Такими фразами обменялись две девочки лет 10–12, собираясь на свою детскую «супрядку». У каждого возраста своя «супрядка». Есть для маленьких, которые утром ходят в школу, а вечером собираются в просторной избе, прядут нитки, поют новые песни — частушки — и играют в разные игры.
Подростки в 14–16 лет собираются тоже отдельно, и, наконец, взрослые девушки имеют свои, старательно устроенные «супрядки» и своих постоянных участниц с их поклонниками.
В каждой деревне есть две-три или более таких «супрядок», и между ними происходит соревнование и в умении петь и танцевать, и в одежде участниц, и в убранстве избы, так что тот, кто переходит из одной «супрядки» в другую, «изменяют компании».
С сыном хозяина избы, где я ночевал, мы вышли на улицу деревни и присоединились к толпе парней, которые медленно шли вдоль по дороге и пели песни.
Месяц был на ущербе, и снег, засыпавший все кругом, озарялся слабым голубоватым мерцанием.
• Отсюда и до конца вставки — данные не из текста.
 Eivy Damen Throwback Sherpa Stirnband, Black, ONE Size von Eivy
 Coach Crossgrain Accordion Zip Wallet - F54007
В избах светились маленькие окошечки, в которых мелькали темные силуэты, ребятишки припадали к стеклу, стараясь рассмотреть, кто это поет на улице. Парни пели в унисон и очень быстрой скороговоркой. Впереди шел парень побойчее и подыгрывал на гармонии.
Когда я привык к темпу и стал разбирать слова, я услышал песни, где разнузданность мысли и циничность глумились над всем святым, почитаемым, и не было ничего, кажется, чего бы не задел этот молодой нахальный крик с визжащей гармонией; он обращался и на небо, и на церковь, осмеивал «начальство», перед которым вчера снималась шапка, и все это пелось с подмигиванием и подчеркиванием — смотри, дескать, народ честной, какие мы лихие ребята!
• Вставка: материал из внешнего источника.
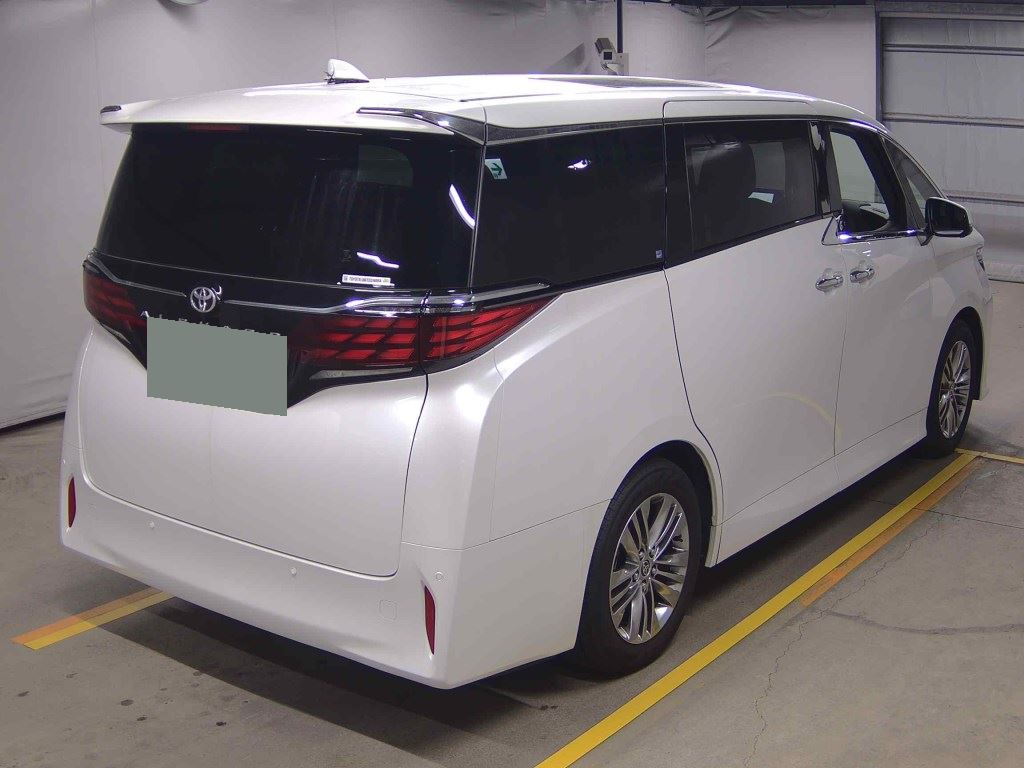 2025 TOYOTA ALPHARD Z photo 5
Когда парни проходили мимо сильно освещенной избы, песня усиливалась, — «чтоб пробрало их хорошенько!» В одной избе отворилось окошечко и показалась всклокоченная голова мужика, закричавшего:
— Бесстыжие богохульники, стыда на вас нет!..
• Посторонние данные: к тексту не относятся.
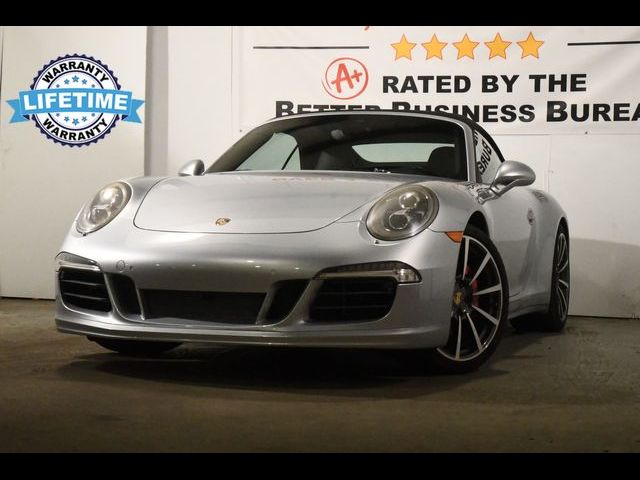 2016 Porsche 911 Carrera 4S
Парни загоготали и принялись пуще прежнего выкрикивать свои песни. С присвистом, гвалтом и топотом ввалилась наша толпа в избу, из которой слышалось пронзительное, визгливое бабье пение. Уже без нас там было много народу, а с нашим приходом стало и тесно, и жарко.
Комната с низким потолком была вся обклеена «газетинами», по стенам на лавках сидели девушки в ситцевых, туго обтянувших грудь кофточках, с прялками в руках, и пронзительно пели свои песни. Возле некоторых сидели парни, обхватив за пышную талию руками, и что-то нашептывали на ухо, отчего их собеседницы фыркали, закрывая рот рукой. Увидав среди пришедших новое лицо, они, окончив куплет, запели:
Чужаки, вы чужаки,
У вас зелены кушаки;
Хоть вы и поднаддевочке,
У нас форсисты девочки.
Нужно было «задобрить» присутствующих, и я дал двугривенный «на свечки». Сидевшие парни, увидев, что я уважил компанию, заявили мне с достоинством:
— Садись, молодец хороший, к нашим барышням, мы ничего против этого не имеем.
Снова запелись пронзительные песни-частушки, куплеты в четыре строчки с рифмами. В каком они роде — можно видеть на следующих примерах:
Меня маменька ругала,
Зачем с пьяным я гуляла.
А я маменьке в ответ:
У нас тверезых вовсе нет.
Стояла у чуланчика,
Любила новобранчика,
Стояла у тесового,
Любила развеселого.
Кину, кину, перекину
Через речку баночку,
Говорит мамаша сыну:
Не бросай беляночку…
Вот какая современная деревенская поэзия. Напрасно думать, что это набор слов вовсе без всякого значения. В своей среде эти песни-частушки говорят очень много фантазии крестьян; два-три слова, нам непонятных, певец умеет подчеркнуть, пропеть с таким значением, с такими намеками на кого-либо из присутствующих, или вообще на что-нибудь, что я должен был изменить свое скептическое отношение к современной русской песне, как чему-то бессмысленному, бессознательному.
Современная песня, и крестьянская, и фабричная, находится в переходном, не выработавшемся еще состоянии, и из народной толпы должны выйти русские Беранже, которые запоют хлесткие песни, лучше отделанные, и те пойдут гулять по России. Старинные, протяжные и поэтичные песни уже переводятся, их позабыли уже старики, но обрывки вымирающей народной песни перекладываются в рифмы, скандируются, и в этой форме песня снова начинает возрождаться.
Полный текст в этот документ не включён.